Students studying bacteriology at the University of Surrey imprinted their mobile phones on to Petri dishes to see what they might carry.
Although the results after just three days looked pretty grim, thankfully most of the bacteria were harmless - nevertheless, it just shows the invisible life that can lurk on your phones.
Some disease-carrying bacteria were occasionally found, such as Staphylococcus aureus - a common cause of Staph infections including food poisoning, impetigo and even septicaemia.
It is thought that 20 per cent of people are long-term carriers of the bug, which often lurks inside the nasal passages.
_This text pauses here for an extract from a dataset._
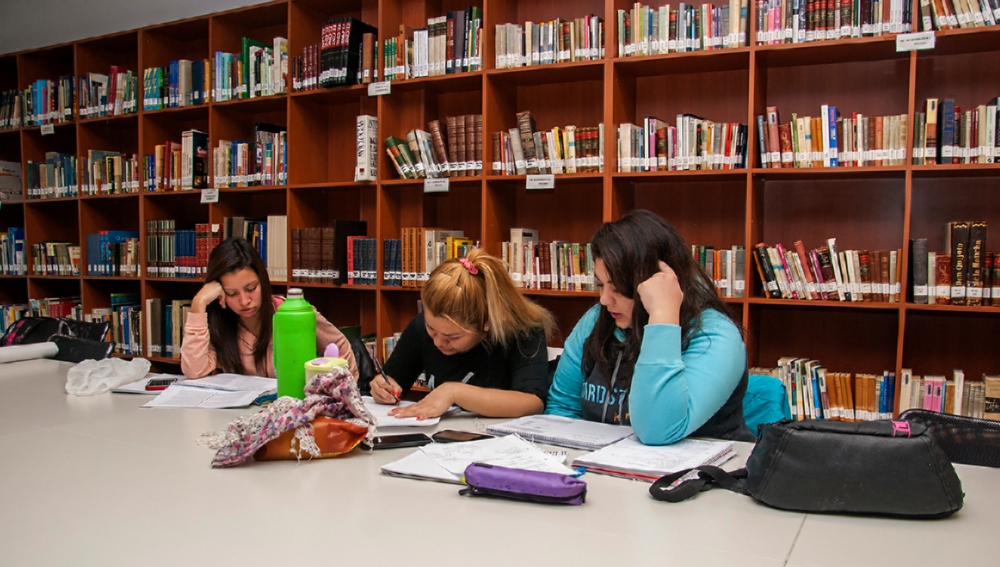 Bibliotecarios: Capacitación gratuita en la Biblioteca del Parque del Conocimiento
The colonies of bacteria that form after the phone has been imprinted are from the body’s invisible bacterial flora.
Now that the messages have been electronically received or delivered, they represent a tangible and biological residue of our manifold hellos and goodbyes.
Bacteria can utilise many different things as vectors in order to promote their transmission.
Insects, water, food, coughs and sneezes, sexual contact, and rain are just a few examples. The mobile phone appears to be no exception this rule.
Dr Simon Park, senior lecturer in molecular biology, said: 'As part of a course called Practical and Biomedical Bacteriology, an undergraduate module that I run, I get the students to imprint their mobile phones on to bacteriological growth Petri dishes so that we might determine what they might carry.
'It's unusual but a very effective way of engaging our students with the often overlooked microbiology of everyday life.
'The ecological niche on the body for Staphylococcus aureus is the nostrils, so a furtive pick of the nose, and quick text after, and you end up with this pathogen on your smartphone.
'You can clearly see the outline of the phone on this, but the whole plate is covered by the spreading growth of a bacterium called Bacillus mycoides.
'This pattern of growth is unique to this bacterium and because soil is its natural habitat, we know that this phone or its user had recently been in contact with soil. Each phone tells a story.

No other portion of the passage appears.